The business continuity plan’s development has been complemented by the training and certification of several representatives of allied state agencies who will be tasked with engaging industry stakeholders and guiding the implementation of the document’s guidelines.

The tools were developed using resources pulled from the Tourism Product Development Company (TPDCo), the Office of Disaster Preparedness and Emergency Management (ODPEM), and several municipal corporations.

Tourism Minister Edmund Bartlett made presentations to two of the industry’s representatives, Jamaica Hotel and Tourist Association (JHTA) Executive Director Camille Needham and Association of Jamaican Attractions Limited President Marilyn Burrowes.

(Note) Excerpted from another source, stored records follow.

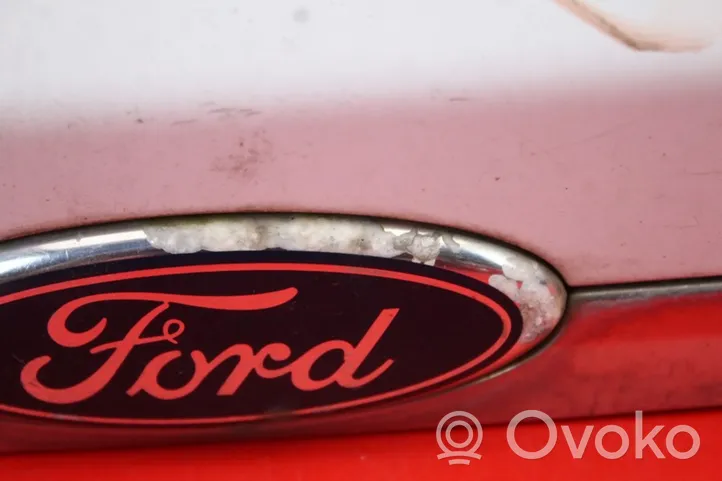 Ford Fiesta Rekisterikilven valo 8A61-A43404-DE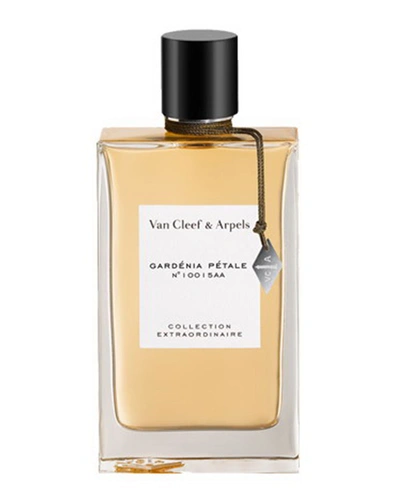 Shop Van Cleef & Arpels 1.5 Oz. Exclusive Gardenia Petale Eau De Parfum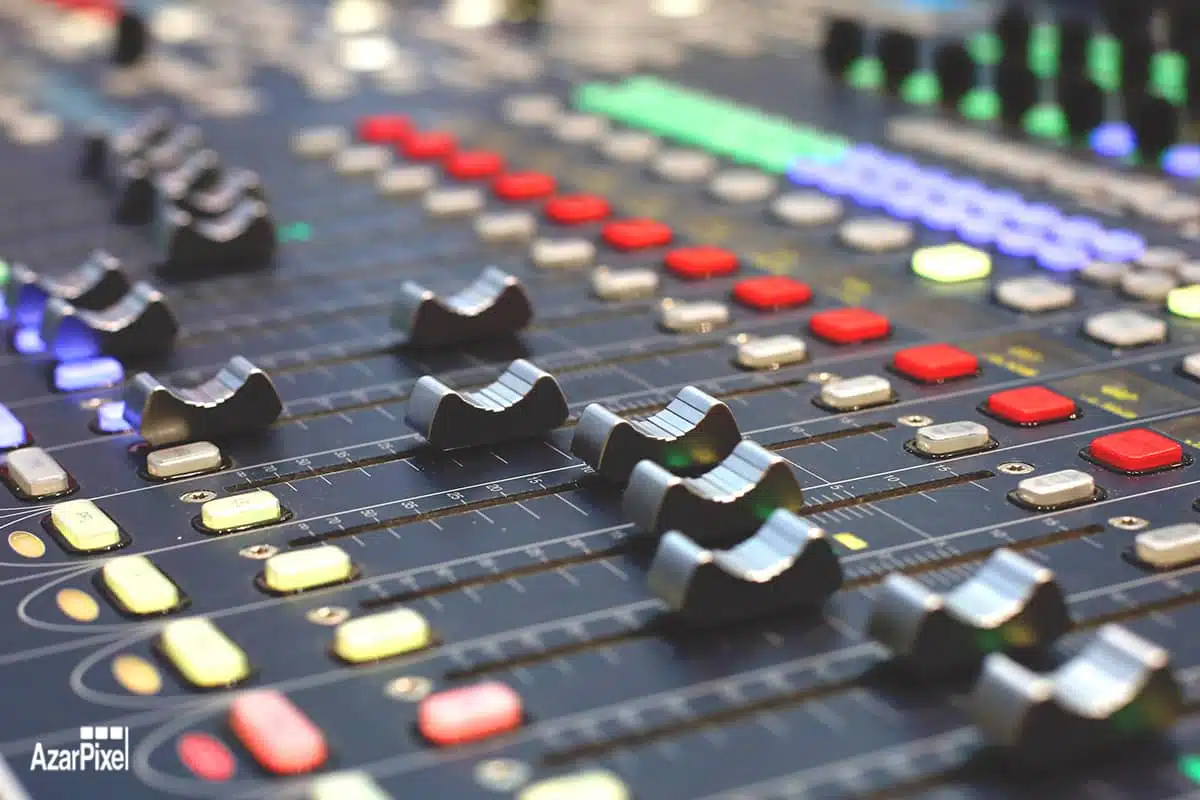 1200x800 Best Mixing Console Brands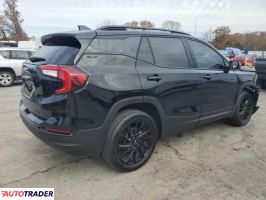 GMC Terrain 2024 1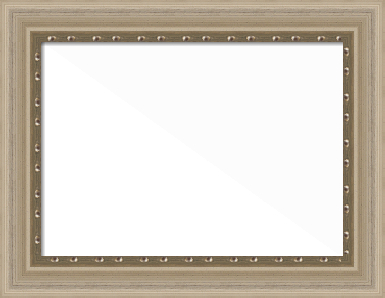Picture Frame made with 640348000 Moulding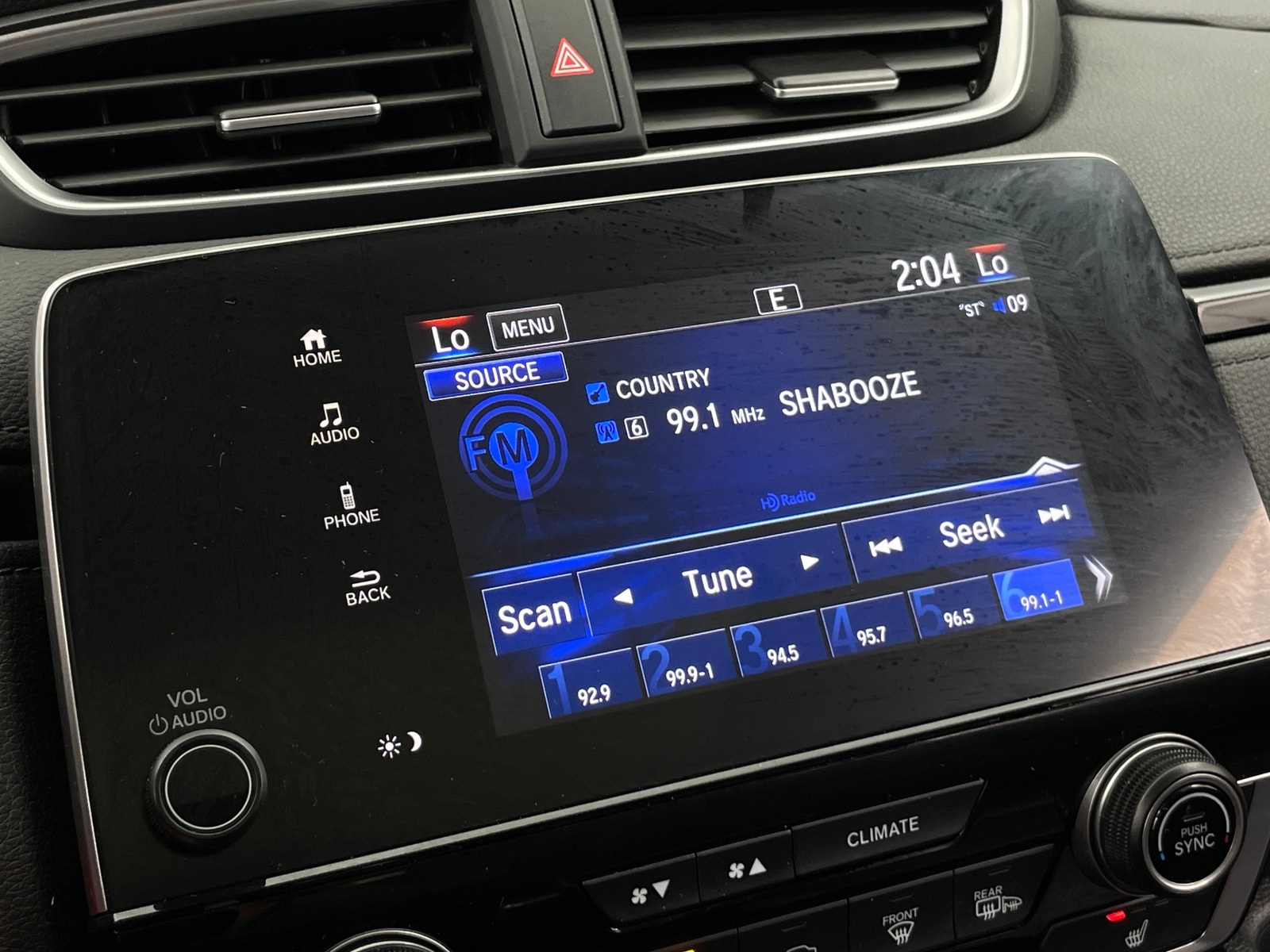 Thumbnail: 2020 Honda CR-V - 3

The presentations were made on Friday, June 10, during a ceremony at The Jamaica Pegasus hotel in New Kingston, where the participants in the training also received their certificates.

Bartlett, in his remarks, said the Caribbean has been severely affected by global disruptions, particularly weather-related events, in recent years.

He noted that the 2017 hurricane season was arguably one of the most intensive the region experienced in a century, having recorded a significant number of weather systems that claimed over 3,000 lives.

Additionally, the minister said over the period since then, “we lost some $375 billion of physical assets and nearly five million people were affected across the region. In Cuba, alone, over two million people that were affected”.

He pointed out, however, that Jamaica had been spared much of the resulting dislocation and losses.

Bartlett cautioned, however, that the 2022 tropical Atlantic Hurricane Season is expected to be quite active, adding that “already, we have had named storms and we are likely to have more”.

“We are seeing some other things happening, like the persistence of the Sahara Dust, that just might be a mitigating factor. So to prepare ourselves to continue to build our capacity to be able to respond well, is critical,” he emphasised.

Consequently, Bartlett said the provisions facilitated under the ministry’s disaster risk management initiative would be “very valuable as we hone our skills and improve our tools to help to manage and to mitigate this whole situation”.

Needham, in her remarks, commended the ministry and its partners for developing the tools, which she described as “critical”.

She said that the JHTA was cognisant of the importance of resilience and sustainability as a “strategic priority for our industry” while noting that tourism was “highly dependent” on natural resources and climate-based activities.

“But while they contribute to the attractiveness of our destination, their vulnerability to shocks and disruptions has the ability to disrupt our destination’s resilience, sustainability, and ultimately, our competitiveness,” Needham pointed out.

Consequently, she said tourism risk management “is critical for our analysis, assessment, treatment, and monitoring of the risks we face from season to season, year to year”.

Against this background, Needham gave the assurance that the JHTA “is fully committed to a sectoral approach to issues like the management of natural and anthropogenic hazards and climate change and their impacts”.

Acting Director General of the Office of Disaster Preparedness and Emergency Management (ODPEM) Richard Thompson also commended the tourism ministry and its stakeholder partners for the extensive work being done “to ensure that our tourism product remains viable”.

“We are building on our economic resources and … our sustainability so that we can increase livelihoods in our country and grow our wider economy,” he added.